WHAT YOU NEED TO DO
Omitting the pictures, restate all of the entries below exactly.
--- START ---
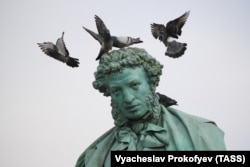 Голуби над памятником Александру Пушкину на Пушкинской площади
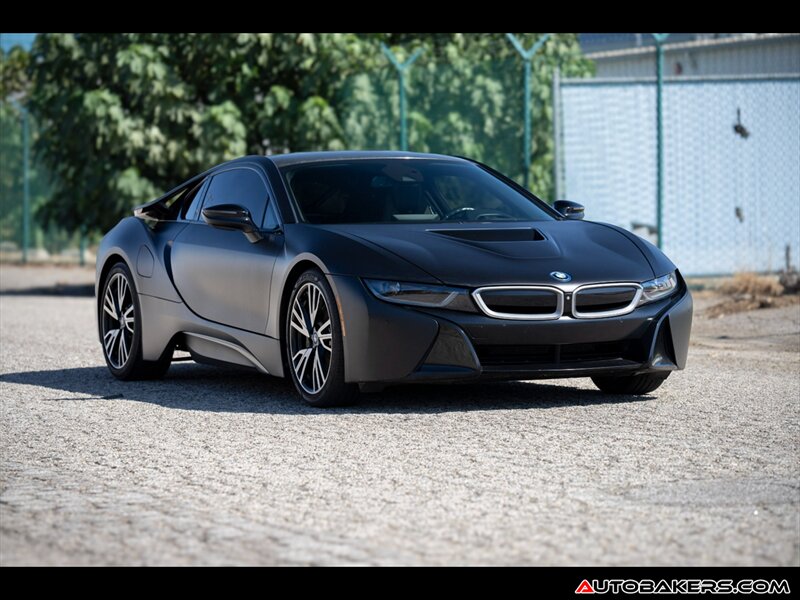 2017 BMW i8 Coupe AWD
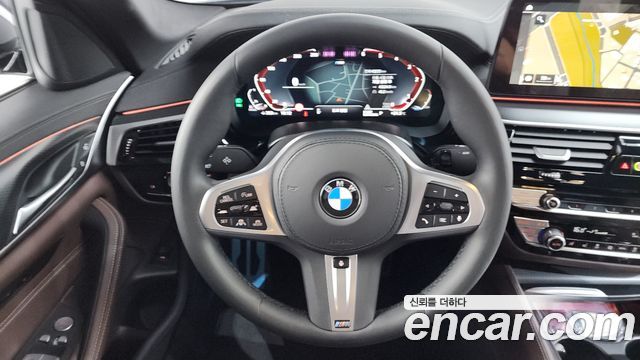 BMW 5-Series 523d M Sport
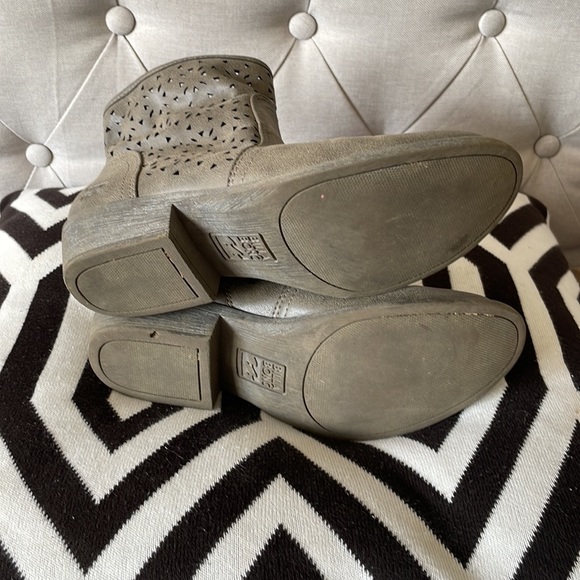 Billabong Booties - Picture 4 of 5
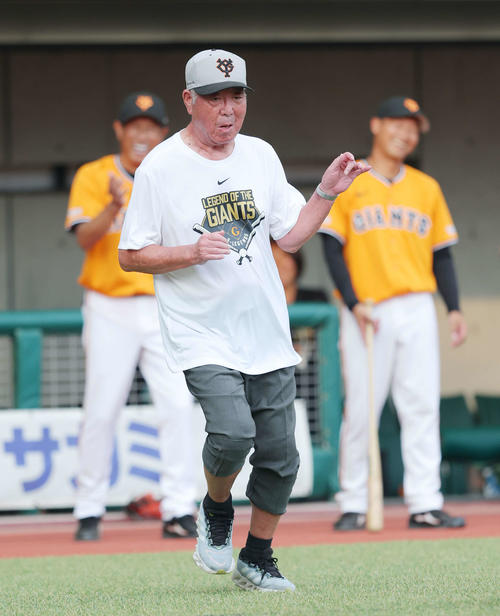 巨人OB対巨人女子軟式野球チーム　試合前、長嶋茂雄さんのまねをする所憲佐氏（撮影・河田真司）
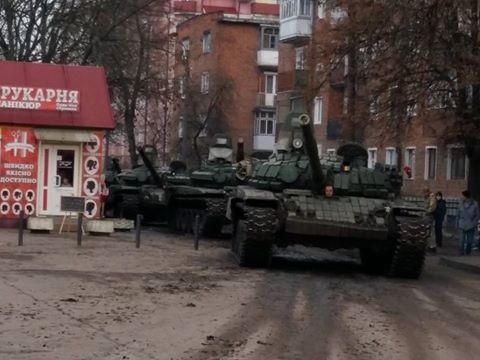 Колонна танков прошла через райцентр на Прикарпатье в неизвестном направлении Колонна танков прошла через райцентр на Прикарпатье в неизвестном направлении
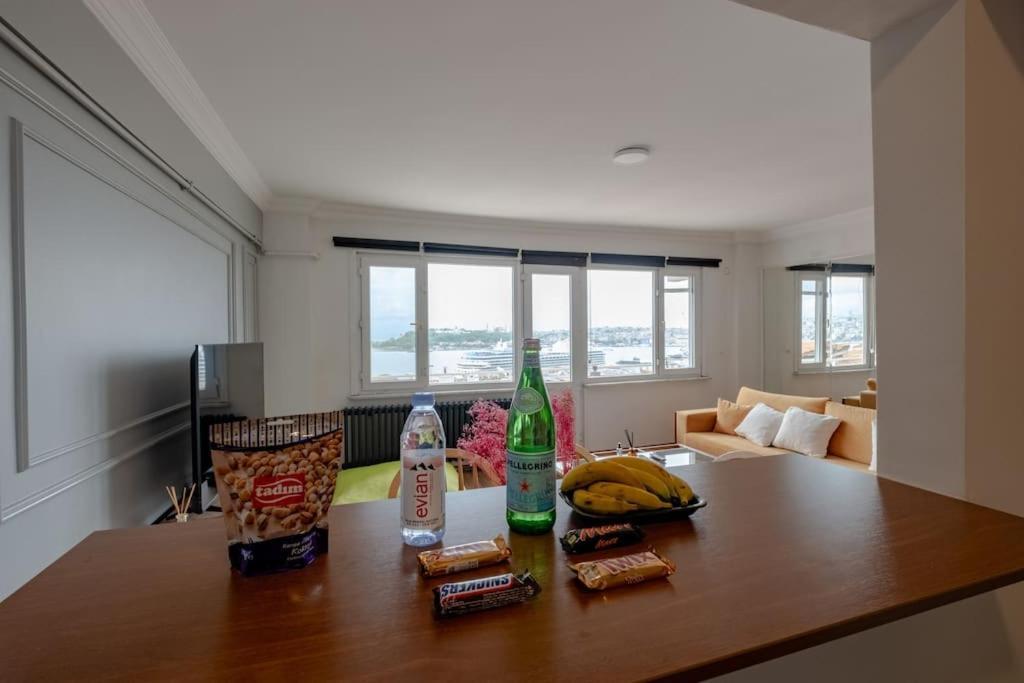 Bosphorus View With Two Bedrooms In Cihangir *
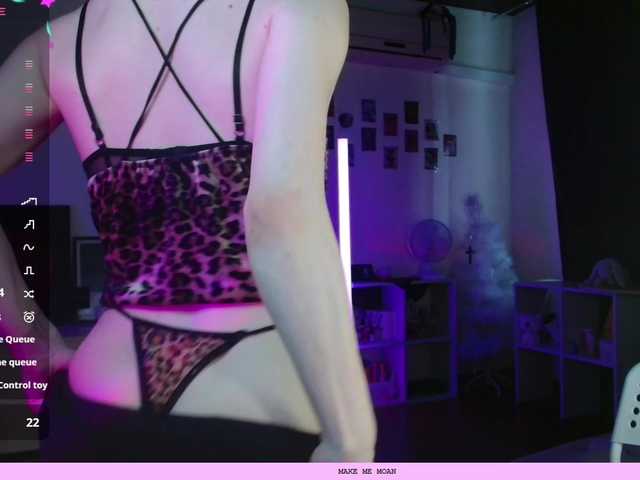 EvianLui live cam on BongaCams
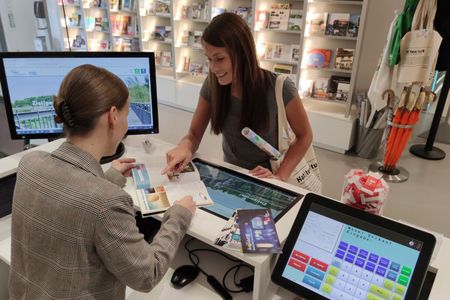 Besucherin wird von einer Mitarbeiterin der Mülheimer Touristinfo beraten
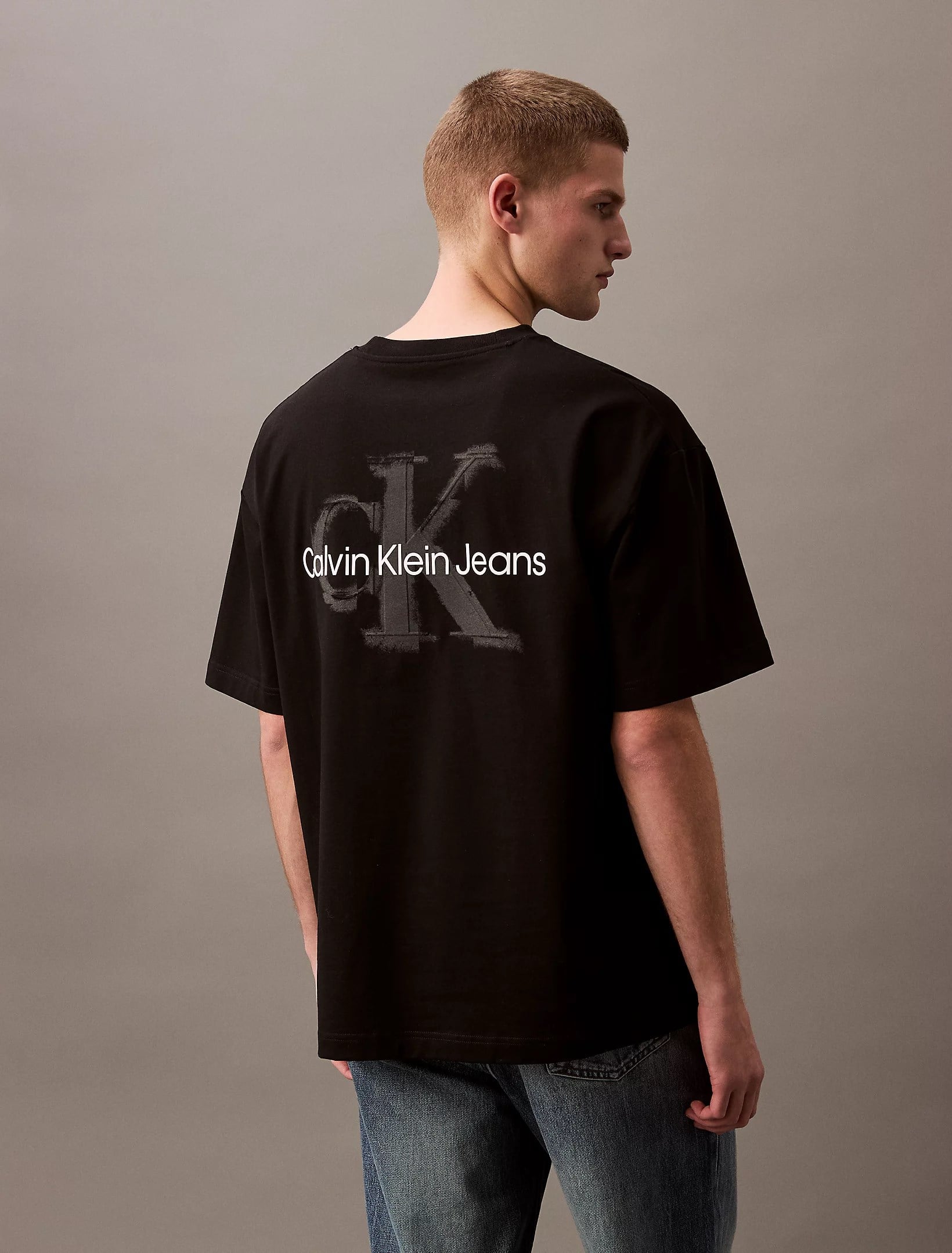 Calvin Klein Calvin Klein Erkek Rahat Kalıp Yuvarlak Yakalı Arkası Logo İmzalı Kısa Kollu Siyah T-Shirt LV04RAB806-UB1
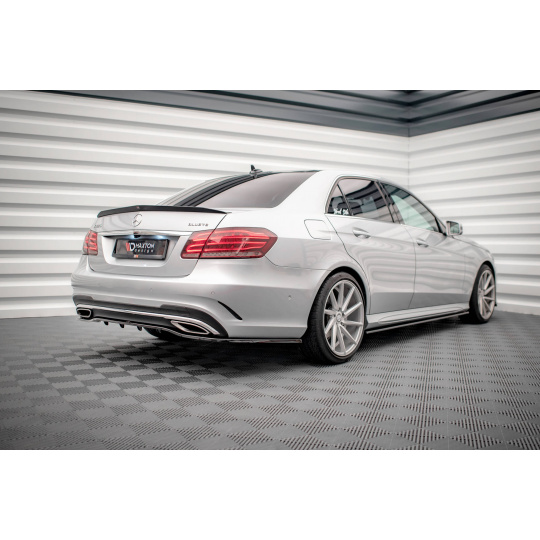 Maxton Design středový spoiler pod zadní nárazník s žebrováním pro Mercedes třída E W212 Facelift/AMG- Line/Sedan, černý lesklý plast ABS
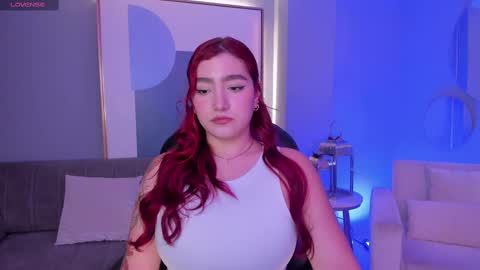 Violett Castel online show from March 9, 4:55 pm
--- END ---
ANSWER TO THIS PROBLEM
 Голуби над памятником Александру Пушкину на Пушкинской площади
 2017 BMW i8 Coupe AWD
 BMW 5-Series 523d M Sport
 Billabong Booties - Picture 4 of 5
 巨人OB対巨人女子軟式野球チーム　試合前、長嶋茂雄さんのまねをする所憲佐氏（撮影・河田真司）
 Колонна танков прошла через райцентр на Прикарпатье в неизвестном направлении Колонна танков прошла через райцентр на Прикарпатье в неизвестном направлении
 Bosphorus View With Two Bedrooms In Cihangir *
 EvianLui live cam on BongaCams
 Besucherin wird von einer Mitarbeiterin der Mülheimer Touristinfo beraten
 Calvin Klein Calvin Klein Erkek Rahat Kalıp Yuvarlak Yakalı Arkası Logo İmzalı Kısa Kollu Siyah T-Shirt LV04RAB806-UB1
 Maxton Design středový spoiler pod zadní nárazník s žebrováním pro Mercedes třída E W212 Facelift/AMG- Line/Sedan, černý lesklý plast ABS
 Violett Castel online show from March 9, 4:55 pm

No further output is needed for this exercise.